Jackson's tenure in New York thus far has been long on Charley Rosen ghost written aphorisms and short on actual results but the Zen Master is laughing all the way to the bank; neither the Bulls nor the Lakers gave him the Kobe Bryant-lifetime achievement award contract but Dolan has done so. Jackson's ability as a coach to take a group of men and mold them into champions is undeniable but Jackson's ability to construct a championship roster from the ground up is unproven.
Charles Oakley once said of the post-Jackson/Jordan/Pippen Bulls, "They had a dynasty, now they have a coffee shop."
The Dallas Mavericks never had a dynasty, nor are they a "coffee shop" now but Mark Cuban's decision to break up the 2011 championship team did not turn out very well. Cuban is widely praised as an innovative owner. While he has clearly received a significant financial return on his investment in the Dallas Mavericks, under his direction the team has made some odd personnel decisions. In the wake of Dallas' lone championship, Cuban broke up the team's nucleus and the franchise has never been the same. A lot has been said about the supposed value of breaking up a team one year too early as opposed to one year too late but the great danger in messing with championship chemistry is that you might never find the right ingredients at the right time again.
Would the Mavericks have definitely repeated as champions if he had kept the roster intact? That is the wrong question. The right question is, "Did the Mavericks have a better chance to win a championship by sticking with proven winners or by trying to get younger with an eye toward landing a big-name free agent?" Free agents are not flocking to Dallas. Cuban would have been better served standing pat to make a run at the 2012 title. If the Mavericks fell short, then if Cuban so desired he could have broken up the team after the 2012 season and the Mavericks would not be any worse off than they are now--but at least they would have taken their best shot at capturing a second title.
The Mavericks have faced the San Antonio Spurs six times in the playoffs, with the Spurs winning four of those series. On two occasions, the Spurs went on to take the NBA championship after eliminating the Mavericks. Tim Duncan played a key role in that rivalry and his retirement merits its own special article.

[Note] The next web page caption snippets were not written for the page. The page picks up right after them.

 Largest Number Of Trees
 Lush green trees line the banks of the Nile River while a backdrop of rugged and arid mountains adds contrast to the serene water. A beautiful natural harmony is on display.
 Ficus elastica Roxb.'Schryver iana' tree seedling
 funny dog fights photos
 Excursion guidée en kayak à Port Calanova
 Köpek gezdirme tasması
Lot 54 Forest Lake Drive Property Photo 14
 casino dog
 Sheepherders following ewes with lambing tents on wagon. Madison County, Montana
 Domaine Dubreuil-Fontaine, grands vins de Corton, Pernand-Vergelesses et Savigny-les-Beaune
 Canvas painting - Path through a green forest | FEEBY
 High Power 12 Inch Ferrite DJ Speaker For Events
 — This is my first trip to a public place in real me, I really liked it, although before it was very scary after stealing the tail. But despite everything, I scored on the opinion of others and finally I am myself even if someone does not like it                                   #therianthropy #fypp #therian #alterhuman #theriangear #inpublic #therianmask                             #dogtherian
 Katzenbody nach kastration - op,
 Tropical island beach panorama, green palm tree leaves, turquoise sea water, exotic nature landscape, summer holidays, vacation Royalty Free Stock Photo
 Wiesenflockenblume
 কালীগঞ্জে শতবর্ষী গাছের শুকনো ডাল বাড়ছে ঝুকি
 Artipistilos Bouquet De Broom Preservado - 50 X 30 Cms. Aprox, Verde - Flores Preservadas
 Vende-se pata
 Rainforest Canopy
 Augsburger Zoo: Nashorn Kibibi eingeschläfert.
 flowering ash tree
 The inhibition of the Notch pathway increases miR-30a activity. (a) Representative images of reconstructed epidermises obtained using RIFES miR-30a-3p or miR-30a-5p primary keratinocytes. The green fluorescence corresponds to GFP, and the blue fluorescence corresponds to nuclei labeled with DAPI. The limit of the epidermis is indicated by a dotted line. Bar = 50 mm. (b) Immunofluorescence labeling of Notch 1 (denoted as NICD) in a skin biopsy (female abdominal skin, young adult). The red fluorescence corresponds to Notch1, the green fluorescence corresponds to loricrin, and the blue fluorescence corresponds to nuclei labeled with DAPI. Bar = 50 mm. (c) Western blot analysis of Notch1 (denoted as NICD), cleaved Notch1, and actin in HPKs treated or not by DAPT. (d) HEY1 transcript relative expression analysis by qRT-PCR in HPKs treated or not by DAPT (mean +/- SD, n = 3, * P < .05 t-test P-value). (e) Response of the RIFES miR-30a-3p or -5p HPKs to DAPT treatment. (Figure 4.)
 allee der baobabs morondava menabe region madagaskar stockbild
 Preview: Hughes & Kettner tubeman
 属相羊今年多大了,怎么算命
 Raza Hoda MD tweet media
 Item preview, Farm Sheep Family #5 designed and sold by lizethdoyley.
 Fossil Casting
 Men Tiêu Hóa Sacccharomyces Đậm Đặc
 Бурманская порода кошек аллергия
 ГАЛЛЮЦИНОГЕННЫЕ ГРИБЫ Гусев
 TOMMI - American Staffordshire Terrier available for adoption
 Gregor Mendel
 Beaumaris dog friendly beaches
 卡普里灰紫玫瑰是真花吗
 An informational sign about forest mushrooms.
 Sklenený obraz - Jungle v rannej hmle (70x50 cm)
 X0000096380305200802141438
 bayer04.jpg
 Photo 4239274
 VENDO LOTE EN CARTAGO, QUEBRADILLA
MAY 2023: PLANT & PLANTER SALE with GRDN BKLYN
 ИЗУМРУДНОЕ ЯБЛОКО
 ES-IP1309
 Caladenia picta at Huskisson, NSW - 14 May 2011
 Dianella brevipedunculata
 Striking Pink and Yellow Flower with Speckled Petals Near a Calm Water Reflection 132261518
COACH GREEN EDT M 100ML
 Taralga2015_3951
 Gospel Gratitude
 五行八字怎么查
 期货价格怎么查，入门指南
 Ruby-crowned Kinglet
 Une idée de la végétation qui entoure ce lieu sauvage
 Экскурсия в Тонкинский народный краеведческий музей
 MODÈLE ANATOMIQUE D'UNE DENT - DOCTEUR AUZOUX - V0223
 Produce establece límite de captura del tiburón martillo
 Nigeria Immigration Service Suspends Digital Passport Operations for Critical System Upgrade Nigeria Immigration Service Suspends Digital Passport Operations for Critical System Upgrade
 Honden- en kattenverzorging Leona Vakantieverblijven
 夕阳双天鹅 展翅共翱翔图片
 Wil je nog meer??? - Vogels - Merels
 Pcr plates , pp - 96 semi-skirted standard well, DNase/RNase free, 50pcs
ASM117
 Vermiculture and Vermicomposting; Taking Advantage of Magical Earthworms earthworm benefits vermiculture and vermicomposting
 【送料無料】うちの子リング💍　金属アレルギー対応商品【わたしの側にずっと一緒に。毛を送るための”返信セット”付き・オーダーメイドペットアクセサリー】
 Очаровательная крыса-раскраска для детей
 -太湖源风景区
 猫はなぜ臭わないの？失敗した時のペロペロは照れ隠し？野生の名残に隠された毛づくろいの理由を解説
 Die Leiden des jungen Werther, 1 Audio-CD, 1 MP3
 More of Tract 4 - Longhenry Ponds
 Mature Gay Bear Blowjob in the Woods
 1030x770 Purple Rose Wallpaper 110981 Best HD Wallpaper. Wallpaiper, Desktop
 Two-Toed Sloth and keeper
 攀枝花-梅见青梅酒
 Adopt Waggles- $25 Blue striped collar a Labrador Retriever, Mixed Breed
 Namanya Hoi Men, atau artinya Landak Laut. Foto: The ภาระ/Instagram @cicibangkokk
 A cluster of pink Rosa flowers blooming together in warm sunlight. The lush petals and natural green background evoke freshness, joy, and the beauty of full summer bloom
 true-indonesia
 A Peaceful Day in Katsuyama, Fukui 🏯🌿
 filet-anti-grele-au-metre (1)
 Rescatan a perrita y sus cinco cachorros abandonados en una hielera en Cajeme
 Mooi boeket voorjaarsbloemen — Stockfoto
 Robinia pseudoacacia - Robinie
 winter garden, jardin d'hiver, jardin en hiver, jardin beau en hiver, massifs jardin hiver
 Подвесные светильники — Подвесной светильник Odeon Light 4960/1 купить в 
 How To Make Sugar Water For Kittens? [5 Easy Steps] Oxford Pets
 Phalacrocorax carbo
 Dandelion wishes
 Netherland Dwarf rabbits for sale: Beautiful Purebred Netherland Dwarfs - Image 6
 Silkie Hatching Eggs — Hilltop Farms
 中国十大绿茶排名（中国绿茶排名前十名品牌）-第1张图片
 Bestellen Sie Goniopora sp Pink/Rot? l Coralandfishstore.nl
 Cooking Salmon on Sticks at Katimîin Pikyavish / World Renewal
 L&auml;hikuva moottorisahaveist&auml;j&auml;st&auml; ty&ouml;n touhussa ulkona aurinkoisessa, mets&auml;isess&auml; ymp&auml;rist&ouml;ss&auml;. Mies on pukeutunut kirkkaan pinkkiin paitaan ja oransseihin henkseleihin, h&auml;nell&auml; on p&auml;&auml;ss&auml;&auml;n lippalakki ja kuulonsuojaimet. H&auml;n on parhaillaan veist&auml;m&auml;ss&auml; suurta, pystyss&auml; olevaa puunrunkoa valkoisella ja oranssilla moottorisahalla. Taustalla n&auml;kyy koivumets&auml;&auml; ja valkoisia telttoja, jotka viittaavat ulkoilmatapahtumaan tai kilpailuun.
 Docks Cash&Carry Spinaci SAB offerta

Many teams fall apart after their superstar retires (or even slightly before he retires, if the superstar has declined significantly and/or is plagued by injuries). The Spurs will no doubt miss Duncan--particularly as a leader and as a defensive anchor in the paint--but they are well positioned to continue to be a championship contender with Kawhi Leonard, LaMarcus Aldridge and free agent acquisition Pau Gasol leading the way while veterans Tony Parker and Manu Ginobili fill lesser but still important roles. The Spurs went 67-15 last season. Gasol is a better offensive player than Duncan was at this stage of Duncan's career but Gasol is not as good defensively; assuming good health and expected performances from the rest of the players in the team's rotation, the Spurs should still be a 60 win team this season. Gasol is at his best when there is not pressure on him to be the number one option; he thrived with the Lakers as a second option behind Kobe Bryant and he is perfectly suited--in both skill set and temperament--to fit in with San Antonio's philosophy of sharing the ball and not relying on any one player to carry the load.
It has become rare for a superstar to spend his entire career with one franchise the way that Tim Duncan and Kobe Bryant did. Although there were some rocky moments in Dwyane Wade's relationship with the Miami Heat, it seemed likely that Wade would be a one-franchise superstar. Instead, Wade's ego clashed with Pat Riley's ego and Wade will now finish his career in his hometown of Chicago. Such late career transitions do not automatically end badly but they rarely end spectacularly well, either.
Wade and Heat President Pat Riley have butted heads for years, though in the past they always mended fences (at least publicly). When Wade refused to sign an extension with the Heat several years ago but asked Riley to add some talent to the roster, Riley very publicly told Wade to either re-sign with the team or keep his mouth shut about how Riley ran the operation. The Cleveland Cavaliers let LeBron James run the ship and that approach has led to one championship (albeit after James learned under Riley for four years in Miami) but Riley has won seven championships as a coach/executive by doing things his way.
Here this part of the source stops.